Não existe uma taxionomia ou teoria para as emoções que seja geral ou aceite de forma universal e é grande a panóplia das emoções vivenciadas por todos nós. De entre as diferentes emoções, onde se pode incluir o prazer, a alegria, a euforia, o êxtase, a tristeza, o desanimo, a depressão, o medo, a ansiedade, a raiva, a hostilidade e a calma, a depressão e a euforia apresentam características opostas. Isto porque o sintoma cardinal da depressão é o humor disfórico, termo que implica tristeza, geralmente incluindo perda de interesse ou prazer na maioria das actividades da vida. Já a euforia é um estado de espírito caracterizado por uma satisfação e alegria fora do normal, aceleração extrema e inquietude, estimulando o impulso para compras e a hiper-sexualidade, entre outras reacções. Então, euforia e disforia são dois estados opostos, tal como alegria e tristeza e felicidade e infelicidade.

 

Do ponto de vista da utilidade, os estados emocionais são auto-reguladores e, pela informação que transmitem, podem ser poderosos aliados em termos de conduta. Mas esta aliança nem sempre acontece, já que o ser humano tende para a rigidificação ao nível do pensamento e é com grande facilidade que se deixa guiar por aquilo que sente sem pensar muito sobre o que está a acontecer.
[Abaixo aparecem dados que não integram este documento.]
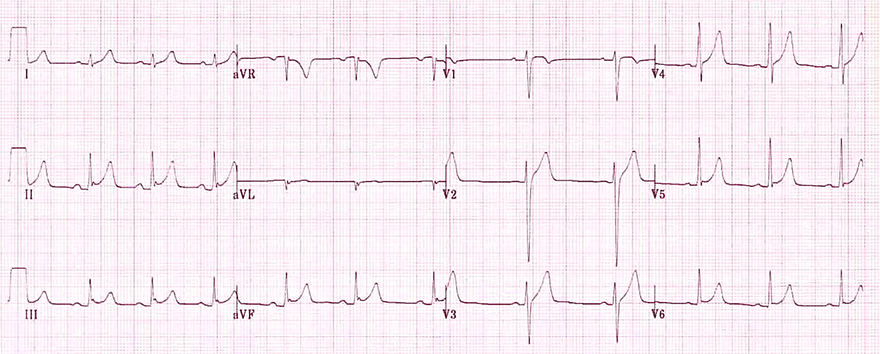 ECG benign early repolarisation, J wave notch, fish hook pattern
A meu ver, tal como nos relacionamos com os outros, relacionamo-nos com nós próprios e com os nossos estados emocionais (não só a euforia e a disforia, como com todos os outros). Neste processo, a relação estabelecida pode ser adaptada, com os estados emocionais a serem usados como forma de orientação e regulação pessoal, ou desadaptada, quando as pessoas são apenas veículos para a sua expressão desorganizada. Daí que seja importante que cada um de nós se pergunte regularmente: Que tipo de relação tenho com as minhas emoções? Esta relação é vantajosa para mim?